The French economy is struggling to grow despite tentative signs of a dawning recovery for the troubled eurozone currency area, of which France is a prominent member state. In the third quarter, French GDP contracted by 0.1%. Over the same period, eurozone GDP grew by 0.1%.

Unemployment is also high, clocking in at a rate of 10.9%. Hollande is pursuing labour market reforms to loosen the grip of regulations on employers in the hope that more jobs will be created.

He pledged to make France's tax regime competitive to encourage investment in jobs and growth and secure a sustainable economic recovery. As a start he promised to shave €30bn off of French firms' tax bills by no longer requiring them to fund family welfare.

"We must do everything for employment. This is my priority," Hollande told reporters at a Paris press conference.

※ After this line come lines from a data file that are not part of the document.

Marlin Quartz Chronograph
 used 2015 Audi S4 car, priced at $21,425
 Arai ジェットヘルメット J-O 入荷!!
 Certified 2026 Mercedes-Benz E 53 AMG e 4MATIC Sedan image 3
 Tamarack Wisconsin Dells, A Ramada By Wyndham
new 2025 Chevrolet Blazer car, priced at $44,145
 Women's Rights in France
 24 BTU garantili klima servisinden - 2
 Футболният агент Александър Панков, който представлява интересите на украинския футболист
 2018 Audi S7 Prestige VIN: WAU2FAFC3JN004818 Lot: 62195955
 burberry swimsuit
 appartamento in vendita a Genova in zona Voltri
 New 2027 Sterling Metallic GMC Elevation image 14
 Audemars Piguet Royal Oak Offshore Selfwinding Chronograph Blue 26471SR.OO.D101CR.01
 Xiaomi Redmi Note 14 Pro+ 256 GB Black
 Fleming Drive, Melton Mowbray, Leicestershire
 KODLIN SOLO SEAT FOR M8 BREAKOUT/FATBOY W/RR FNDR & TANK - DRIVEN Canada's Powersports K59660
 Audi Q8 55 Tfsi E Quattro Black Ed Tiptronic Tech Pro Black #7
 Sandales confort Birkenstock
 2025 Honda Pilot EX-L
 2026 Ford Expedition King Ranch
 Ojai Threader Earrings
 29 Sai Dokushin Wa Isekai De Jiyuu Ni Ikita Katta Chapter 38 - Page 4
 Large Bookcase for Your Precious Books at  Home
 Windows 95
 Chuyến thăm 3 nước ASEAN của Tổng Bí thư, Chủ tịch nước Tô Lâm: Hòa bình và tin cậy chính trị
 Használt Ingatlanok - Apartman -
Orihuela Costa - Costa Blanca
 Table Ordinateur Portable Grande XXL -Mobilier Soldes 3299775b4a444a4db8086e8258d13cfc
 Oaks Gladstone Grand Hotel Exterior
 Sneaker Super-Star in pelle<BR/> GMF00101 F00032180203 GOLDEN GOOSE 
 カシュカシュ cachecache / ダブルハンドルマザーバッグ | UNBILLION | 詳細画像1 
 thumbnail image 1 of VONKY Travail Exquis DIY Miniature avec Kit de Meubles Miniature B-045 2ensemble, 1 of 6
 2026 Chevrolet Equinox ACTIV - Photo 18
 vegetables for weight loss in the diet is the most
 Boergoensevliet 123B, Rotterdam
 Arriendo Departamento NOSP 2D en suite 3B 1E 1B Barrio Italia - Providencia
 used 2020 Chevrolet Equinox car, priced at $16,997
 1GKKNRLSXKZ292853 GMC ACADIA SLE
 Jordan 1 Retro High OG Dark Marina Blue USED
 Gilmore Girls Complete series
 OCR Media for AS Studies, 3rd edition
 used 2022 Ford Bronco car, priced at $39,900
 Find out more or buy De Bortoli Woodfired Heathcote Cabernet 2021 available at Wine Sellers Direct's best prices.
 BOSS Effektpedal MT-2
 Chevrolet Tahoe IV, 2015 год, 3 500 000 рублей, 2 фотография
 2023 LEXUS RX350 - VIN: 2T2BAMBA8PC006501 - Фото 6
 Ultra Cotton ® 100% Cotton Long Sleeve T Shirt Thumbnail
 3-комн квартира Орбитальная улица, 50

Hollande's spending cuts will amount to 4% of French GDP and will take place between 2015 and 2017. As a whole, public spending accounts for 57% of GDP, one of the highest rates in Europe.

The country's finance ministry has a budget deficit equivalent to 4.1% of GDP, well above the 3% level agreed by the European Union under the Maastricht Treaty.

French public debt is also in breach of Maastricht standards, which dictate it must not get above 60% of GDP. It is forecast to hit 95.1% in 2014. Just servicing the debt will cost €46.7bn (£39bn, $64bn) a year.

A stagnant French economy has left Hollande, a socialist, unpopular among the population. He was the most unpopular French president on record according to one poll by BVA, where his rating in October of 26% was the lowest in the survey's 32 year history.

In his speech, Hollande said France must restore its economic strength in order to retain its influence in Europe and beyond.

France is already slashing public budgets by €15bn in 2014 alone.